Problem in Postgresql DB backup setup

From: Ujjawal Misra <ujjawal(at)verse(dot)in>
To: pgsql-general(at)postgresql(dot)org
Subject: Problem in Postgresql DB backup setup
Date: 2009-05-21 08:57:35
Message-ID: d9fe24a80905210157q5aa50d92me46c32f5185513f7@mail.gmail.com
Views: Raw Message | Whole Thread | Download mbox | Resend email
Thread:
Lists: pgsql-general

Hi,

We are facing a problem in setting up a database backup for our production
server using pg-standby.

We are using Postgres 8.3.5 in our production environment. We have an active
user-base of 2 million and need to support 5000 TPS. The service needs to be
up and running 24x7. The production database has a size of 200GB and growing
and is expected to reach 1TB in a couple of months.

In the past we have tried various strategies for db-backup including pg-dump
and Warm-backup using WAL shipping.
But our current needs demand a Hot-backup which can be set-up without
stopping the database server. For this we have evaluated pg-standby with WAL
shipping in a test-environment that has continous db inserts. The set-up
works fine and the slave (pg-standby) is able to consume WAL logs generated
by the master.

We tried to replicate the scenario of the master db going down in this test
environment in the following fashions:
a. Killing the master postgres server (using kill command).
b. Properly stopping the master postgres server (using pg_ctl command).
In both the above cases we saw that after the slave has consumed all the
generated WAL logs and the recovery completes, the slave lags the master by
a set of records.
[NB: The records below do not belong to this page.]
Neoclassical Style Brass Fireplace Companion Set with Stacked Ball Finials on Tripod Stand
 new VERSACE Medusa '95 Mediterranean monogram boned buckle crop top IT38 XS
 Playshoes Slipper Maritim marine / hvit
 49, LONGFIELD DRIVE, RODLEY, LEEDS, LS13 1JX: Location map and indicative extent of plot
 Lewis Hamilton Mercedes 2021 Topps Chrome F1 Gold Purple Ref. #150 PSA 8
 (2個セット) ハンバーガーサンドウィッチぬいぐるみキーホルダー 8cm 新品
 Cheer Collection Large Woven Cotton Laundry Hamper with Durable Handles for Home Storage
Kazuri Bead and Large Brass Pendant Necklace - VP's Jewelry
Additionally, the missing records don't seem to be a
consecutive set; a random set (non-consecutive) of records is missing in the
slave as compared with the master (by bringing the master back up).

Following are the steps that we have used for creating the pg-standby slave:
1. SLAVE: Ensure that postgres is not running on the slave. Stop it if it is
running.
Create and INIT a new data directory on the slave
(/usr/local/pgsql/bin/initdb -D /usr/local/pgsql/test_data).
2. SLAVE: Ensure that the slave can pull wal-logs from the MASTER. Authorize
the SLAVE on the MASTER if needed.
3. MASTER: The archive command should be enabled on the master server.
[/usr/local/pgsql/data/postgresql.conf]
===================================
archive_mode = on # allows archiving to be done
# (change requires restart)
archive_command = '/usr/local/pgsql/bin/verseSQLs/storeWAL.sh %p %f
< /dev/null'
4. MASTER: Ensure that the consumeWAL.sh has WAL storage off. This would
automatically be turned on by the backup_rsync.sh script (see stemp 6).
5. SLAVE: The wal-consumption should be enabled on the slave server cron.
The consume_wals.sh script pulls a set of WALs in the shared storage on the
master, so that these WALs can be later consumed on the slave.
#-------------------------------------------------------------------
# [CONSUME WALs from MASTER : VERY CRUCIAL]
#-------------------------------------------------------------------
* * * * * cd /usr/local/pgsql/bin/verseSQLs/consume_wal_scripts &&
./consume_wals.sh
6. MASTER: Run backup_rsync.sh.
It does the following:
a. Enables WAL storage in the storeWAL.sh script.
b. Issues a pg_start_backup() to postgres on master.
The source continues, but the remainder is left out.